Web page caption snippets
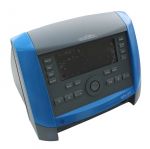 u11199-230_2-rs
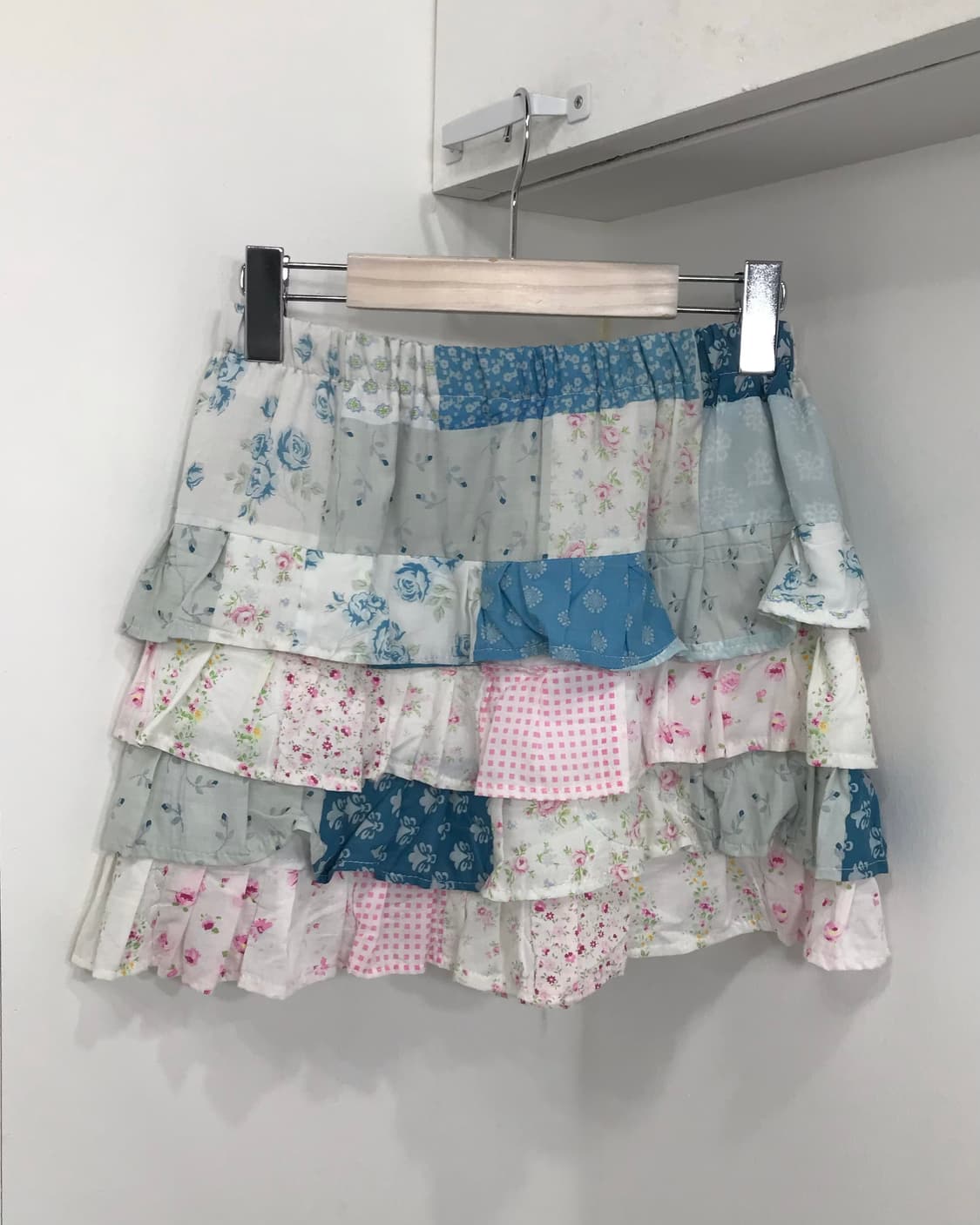 𖤐타미 소녀 set𖤐 상품이미지6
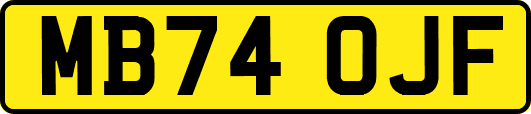 MB74OJF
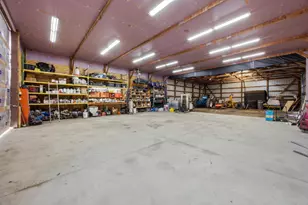 1471 140th St, Wolverton, MN 56594 - Photo 34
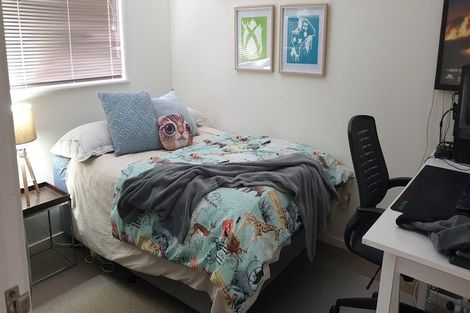 Photo of property in 20a Freya Place, Torbay, Auckland, 0630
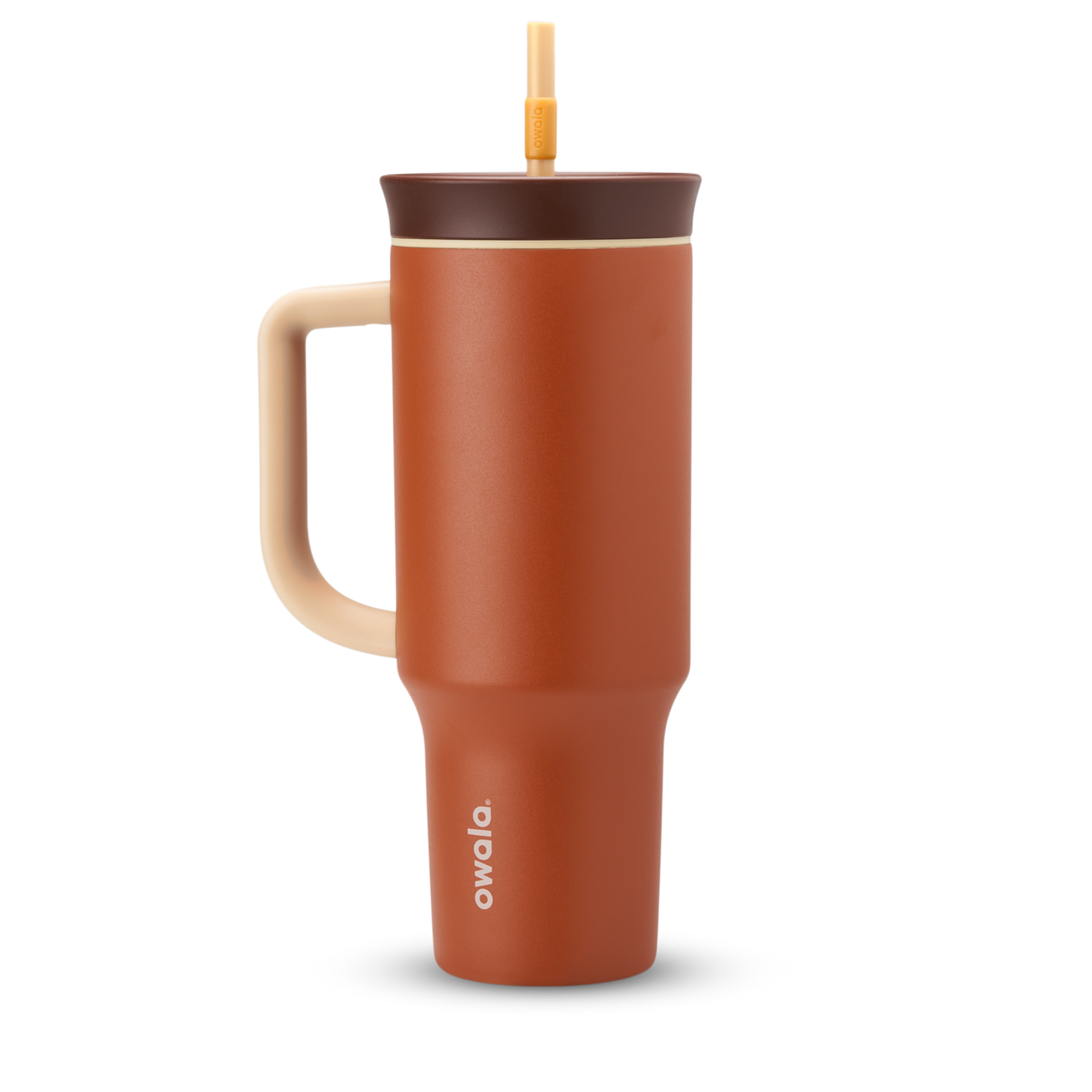 40oz Tumbler (JXRW)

> EXERCISE BRIEF:
Although the records include pictures, the copy should reproduce every line exactly and none of the pictures.

> ANSWER BOX:
 u11199-230_2-rs
 𖤐타미 소녀 set𖤐 상품이미지6
 MB74OJF
 1471 140th St, Wolverton, MN 56594 - Photo 34
 Photo of property in 20a Freya Place, Torbay, Auckland, 0630
 40oz Tumbler (JXRW)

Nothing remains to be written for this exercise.